Comments (10)
Hello,
which features are you using? Are you passing MalConv the file as list of bytes?
from secml_malware.
Hello, I am passing the binary file to End2EndModel.bytes_to_numpy(code, net.get_input_max_length(), 256, False) whose return value is then passed into Malconv.
from secml_malware.
Can you paste here the code that you are using?
Because I tested the notebook several times with several malware, and it works.
So there is something that I am missing here
from secml_malware.
import os
import magic
from secml.array import CArray
from secml_malware.models.malconv import MalConv
from secml_malware.models.c_classifier_end2end_malware import CClassifierEnd2EndMalware, End2EndModel
net = MalConv()
net = CClassifierEnd2EndMalware(net)
net.load_pretrained_model()
folder = "secml_malware/data/malware_samples/test_folder"
X = []
y = []
file_names = []
for i, f in enumerate(os.listdir(folder)):
path = os.path.join(folder, f)
# microsoft binaries do not have these properties in them
#if 'petya' not in path:
# continue
#if "PE32" not in magic.from_file(path):
# continue
with open(path, "rb") as file_handle:
code = file_handle.read()
x = End2EndModel.bytes_to_numpy(
code, net.get_input_max_length(), 256, False
)
_, confidence = net.predict(CArray(x), True)
# I am getting a confidence level of [0.5, 0.5] here
if confidence[0, 1].item() < 0.5:
continue
print(f"> Added {f} with confidence {confidence[0,1].item()}")
X.append(x)
conf = confidence[1][0].item()
y.append([1 - conf, conf])
file_names.append(path)
from secml_malware.
So, if these file are not PE32 or PE32+, then I understand why MalConv is not predicting.
Can you share to me one sample example?

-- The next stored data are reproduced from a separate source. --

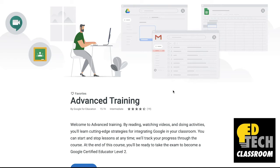So I'm here on the Google Certified Educator page. I just typed into Google 'Google Certified Educator Level 2 Training,' and it took me to this page here.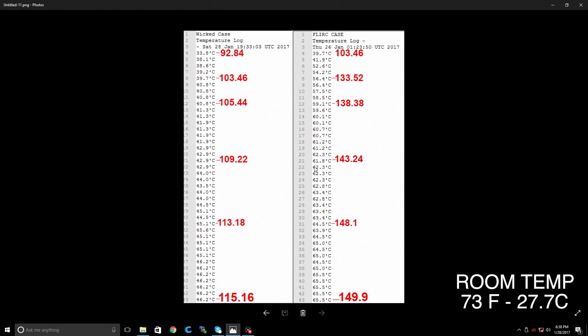So here we are guys. The Wicked Aluminum case is over here on the left hand side. We have the Flerk on the right. I converted some of these numbers to Fahrenheit. It's easier for me to just look at Fahrenheit and say, wow, that's way cooler. Starting off, we were much cooler out of the box. I mean, just starting the unit. I let both of these units warm up for 10 to 11 minutes, just sitting idle.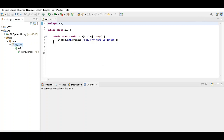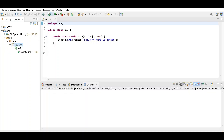Alright, so here's the first assignment. I got package one class XYZ. My name is Nathan. Let's see if it works. Boom, right there. We have this code in a notepad.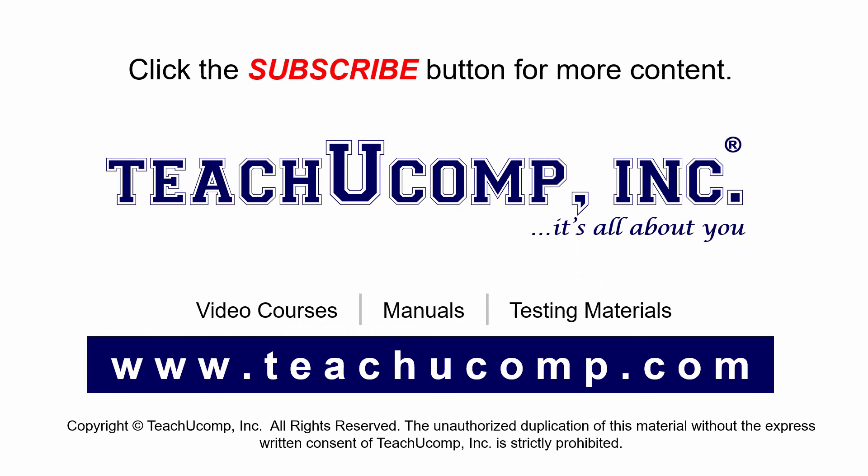Remember to click the Subscribe button to see more of our videos. Get ad-free courses at teachucomp.com.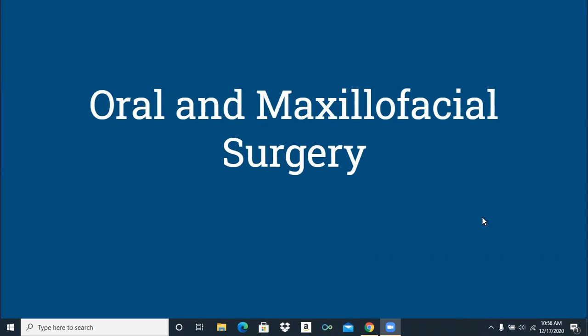Hi everyone. I want to do my lecture over oral and maxillofacial surgery. I want to start by saying I recorded the last two sections when we first went on quarantine in March with a different class. So I wanted to record just the first couple of pages so you could see the slideshow and be able to follow along with the rest of the lectures.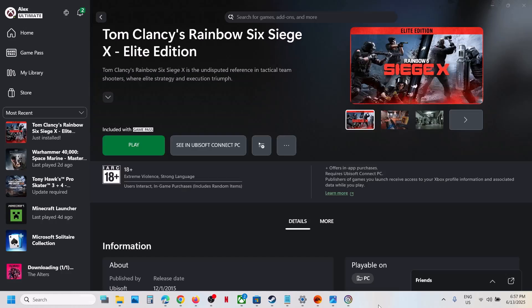Hello guys, welcome to my channel. Today in this video I'm going to show you how to fix when you are unable to launch Rainbow Six Siege X game from the Xbox app or Microsoft Store on your Windows computer.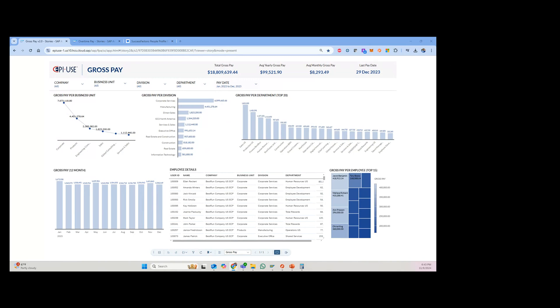Hey everyone, just wanted to take some time and show some payroll reporting in SAP Analytics Cloud using the EpiU's query manager and query manager analytics connector.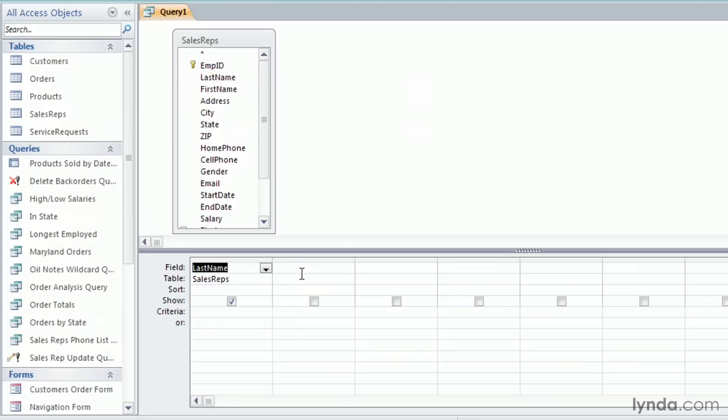If you do need to reorder your columns, you can always click on the thin gray bar at the top of the column, let go of your mouse button, then click on it again and drag it where you need it to go. Look for the black line to know where you're dropping the field.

Because if they are not full binaries, then it is not going to work.
What is the output of the bytes_to_numpy
function? If it does not start with the MZ signature, there is something wrong with the data.
from secml_malware.
Yeah I think Microsoft said in their documentation that they do not include headers of the malware. The documentation is here: https://arxiv.org/pdf/1802.10135.pdf You can find the dataset here: https://www.kaggle.com/competitions/malware-classification/data. I am not sure what the MZ signature is but the first 30 number of the output of the bytes_to_numpy: [[49., 48., 48., 48., 49., 48., 48., 48., 32., 54., 65., 32., 70., 70., 32., 54., 56., 32., 65., 51., 32., 49., 54., 32., 48., 48., 32., 49., 48., 32.]
from secml_malware.
So it's not applicable, that is not a binary, as clearly stated by the data paragraph of the classification challenge.
from secml_malware.
For each file, the raw data contains the hexadecimal representation of the file’s binary content, without the header (to ensure sterility). The data does include the binary files, just without the headers.
from secml_malware.
Yeah, so it is not a real binary.
from secml_malware.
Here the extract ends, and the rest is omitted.